## [DIRECTIONS]
Of the lines in the material below, print only those from the one containing "204 S Deerfield Dr, Princeton, KY 42445" to the one containing "a-licao-de-padre-pio-para-quem-vive-sufocado-pelas-preocupacoes", ends included, exactly as written and without pictures.

*** STUDY MATERIAL Section Begins ***

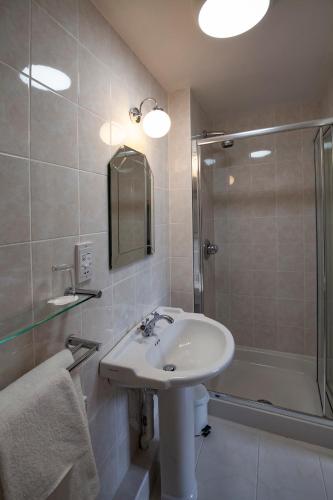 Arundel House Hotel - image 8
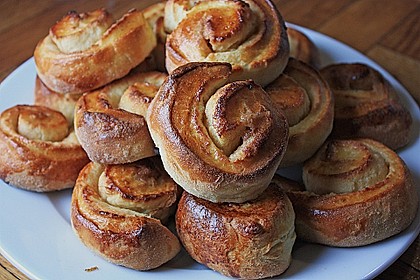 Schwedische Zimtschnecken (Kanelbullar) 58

*** STUDY MATERIAL Section Ends ***
*** STUDY MATERIAL Section Begins ***

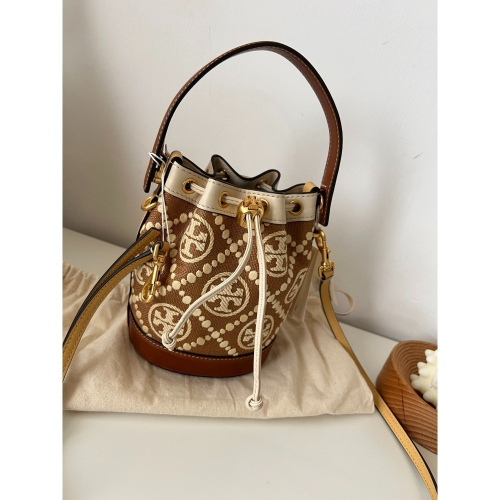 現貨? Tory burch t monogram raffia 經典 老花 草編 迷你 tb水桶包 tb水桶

*** STUDY MATERIAL Section Ends ***
*** STUDY MATERIAL Section Begins ***

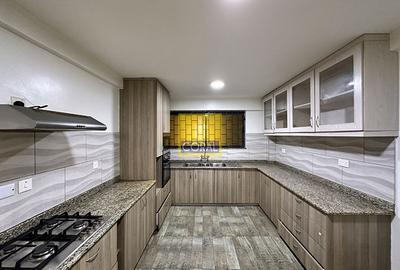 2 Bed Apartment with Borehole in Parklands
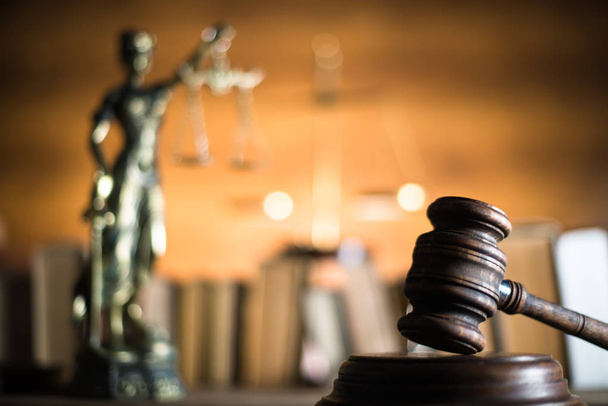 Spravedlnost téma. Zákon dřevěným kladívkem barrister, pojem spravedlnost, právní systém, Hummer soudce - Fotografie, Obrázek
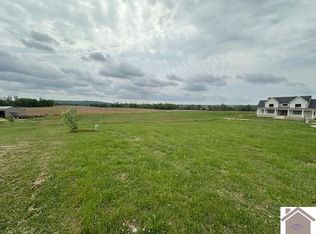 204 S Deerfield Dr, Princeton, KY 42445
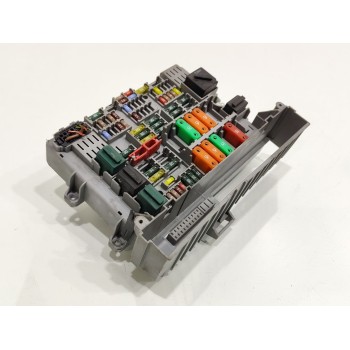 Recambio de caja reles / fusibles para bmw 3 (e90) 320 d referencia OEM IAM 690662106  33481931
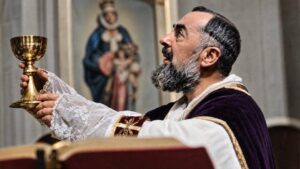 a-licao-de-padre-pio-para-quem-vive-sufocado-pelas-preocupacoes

*** STUDY MATERIAL Section Ends ***

## [EXERCISE RESPONSE]
 204 S Deerfield Dr, Princeton, KY 42445
 Recambio de caja reles / fusibles para bmw 3 (e90) 320 d referencia OEM IAM 690662106  33481931
 a-licao-de-padre-pio-para-quem-vive-sufocado-pelas-preocupacoes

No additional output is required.